PROBLEM TO WORK ON | Find each line below containing the word "WhatsApp" and copy it.

DATA FOR THIS EXERCISE |
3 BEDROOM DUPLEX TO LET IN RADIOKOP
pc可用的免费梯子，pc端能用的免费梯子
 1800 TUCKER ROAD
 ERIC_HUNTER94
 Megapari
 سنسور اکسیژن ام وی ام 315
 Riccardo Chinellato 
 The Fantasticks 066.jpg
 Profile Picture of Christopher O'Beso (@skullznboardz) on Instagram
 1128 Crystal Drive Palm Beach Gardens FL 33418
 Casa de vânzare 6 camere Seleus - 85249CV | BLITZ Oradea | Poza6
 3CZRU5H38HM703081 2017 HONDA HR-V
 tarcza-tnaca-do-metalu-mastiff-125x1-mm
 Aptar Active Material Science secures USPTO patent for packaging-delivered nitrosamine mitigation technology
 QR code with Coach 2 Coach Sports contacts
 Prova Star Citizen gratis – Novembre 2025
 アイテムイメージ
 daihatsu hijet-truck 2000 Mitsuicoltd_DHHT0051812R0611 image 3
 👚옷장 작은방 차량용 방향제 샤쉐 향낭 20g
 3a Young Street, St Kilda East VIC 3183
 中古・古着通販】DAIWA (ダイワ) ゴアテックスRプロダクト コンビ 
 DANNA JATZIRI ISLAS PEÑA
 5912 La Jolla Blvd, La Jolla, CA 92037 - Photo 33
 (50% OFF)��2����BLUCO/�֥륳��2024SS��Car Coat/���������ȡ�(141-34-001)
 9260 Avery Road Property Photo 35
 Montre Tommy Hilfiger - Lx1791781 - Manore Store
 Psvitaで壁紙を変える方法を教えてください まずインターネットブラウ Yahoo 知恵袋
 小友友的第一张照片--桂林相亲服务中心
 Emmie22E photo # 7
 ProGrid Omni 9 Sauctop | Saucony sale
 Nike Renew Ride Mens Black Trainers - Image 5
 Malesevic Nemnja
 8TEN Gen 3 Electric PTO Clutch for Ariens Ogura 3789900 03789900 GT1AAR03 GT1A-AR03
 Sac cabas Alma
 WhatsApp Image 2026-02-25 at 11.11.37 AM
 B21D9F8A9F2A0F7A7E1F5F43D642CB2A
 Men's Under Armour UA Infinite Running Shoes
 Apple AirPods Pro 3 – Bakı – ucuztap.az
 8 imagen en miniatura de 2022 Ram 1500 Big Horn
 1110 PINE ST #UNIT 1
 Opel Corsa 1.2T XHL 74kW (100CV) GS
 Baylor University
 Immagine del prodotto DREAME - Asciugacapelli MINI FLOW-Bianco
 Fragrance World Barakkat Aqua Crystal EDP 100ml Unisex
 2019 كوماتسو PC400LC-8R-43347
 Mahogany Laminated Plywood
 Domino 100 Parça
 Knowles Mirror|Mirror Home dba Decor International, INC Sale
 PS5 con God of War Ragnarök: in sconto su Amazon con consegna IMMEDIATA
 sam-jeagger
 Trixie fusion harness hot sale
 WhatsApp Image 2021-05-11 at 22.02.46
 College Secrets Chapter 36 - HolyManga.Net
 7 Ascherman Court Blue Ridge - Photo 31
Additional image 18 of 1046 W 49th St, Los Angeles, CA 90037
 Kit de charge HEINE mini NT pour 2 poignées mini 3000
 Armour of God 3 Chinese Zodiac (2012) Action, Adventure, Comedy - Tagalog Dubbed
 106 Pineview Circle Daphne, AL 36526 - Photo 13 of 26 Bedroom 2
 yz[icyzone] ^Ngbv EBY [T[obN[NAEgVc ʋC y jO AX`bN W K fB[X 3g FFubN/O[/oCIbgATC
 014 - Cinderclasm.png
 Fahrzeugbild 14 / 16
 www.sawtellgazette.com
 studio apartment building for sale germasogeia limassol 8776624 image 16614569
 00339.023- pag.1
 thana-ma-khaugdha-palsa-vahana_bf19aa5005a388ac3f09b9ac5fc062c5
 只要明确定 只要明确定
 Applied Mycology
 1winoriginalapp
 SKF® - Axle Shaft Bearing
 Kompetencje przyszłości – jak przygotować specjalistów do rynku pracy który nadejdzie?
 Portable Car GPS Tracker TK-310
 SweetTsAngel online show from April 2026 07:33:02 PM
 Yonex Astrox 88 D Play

ANSWER FOR THE TASK |
 WhatsApp Image 2026-02-25 at 11.11.37 AM
 WhatsApp Image 2021-05-11 at 22.02.46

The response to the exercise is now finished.